Mala tempora currunt per l’Unione Europea. Sembra che si siano messi tutti d’accordo di creare problemi proprio adesso. Ieri la sentenza della Corte Suprema polacca per affermare la prevalenza giuridica delle leggi nazionali sui quelle dell’Unione. Poi, a ruota, la richiesta alla Commissione di fondi per innalzare dei muri per preservare i confini nazionali – che però coincidono con quelli dell’UE- dall’invasione di immigrati regolari provenienti dall’Asia per la rotta balcanica. E oggi, non c’è due senza tre, l’uscita di Orban a sostegno della Polonia.

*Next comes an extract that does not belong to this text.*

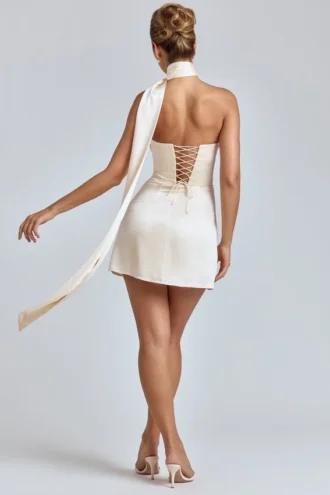 Vestido corto de satén con cuello halter drapeado Anastasia en color marfil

In Europa si sta verificando una spaccatura fra le nazioni fondatrici o con maggior anzianità nell’Unione e quelle dell’Europa orientale, arrivate più di recente dopo la dissoluzione dell’URSS.
Tra le due componenti c’è una diversa visione dei rapporti con Bruxelles. Le prime più accondiscendenti, le secondi più refrattarie a cedere quote di sovranità ad una Commissione che a ben vedere non è un organo democratico, in quanto non eletta da nessuno.
Come se ciò non bastasse, a rovinare il sonno degli burocrati arriva anche un mutato atteggiamento nei confronti dell’immigrazione da parte dei paesi scandinavi, finora fra i più tolleranti ed aperti ad accogliere stranieri.
Tutto questo proprio mentre, una volta assorbito il brutto colpo della Brexit, a Bruxelles cominciavano a pensare alla costituzione di una Forza Armata Europea, passo avanti verso un’unione politica vera e propria. Ma a queste condizioni pare non ci siano i presupposti.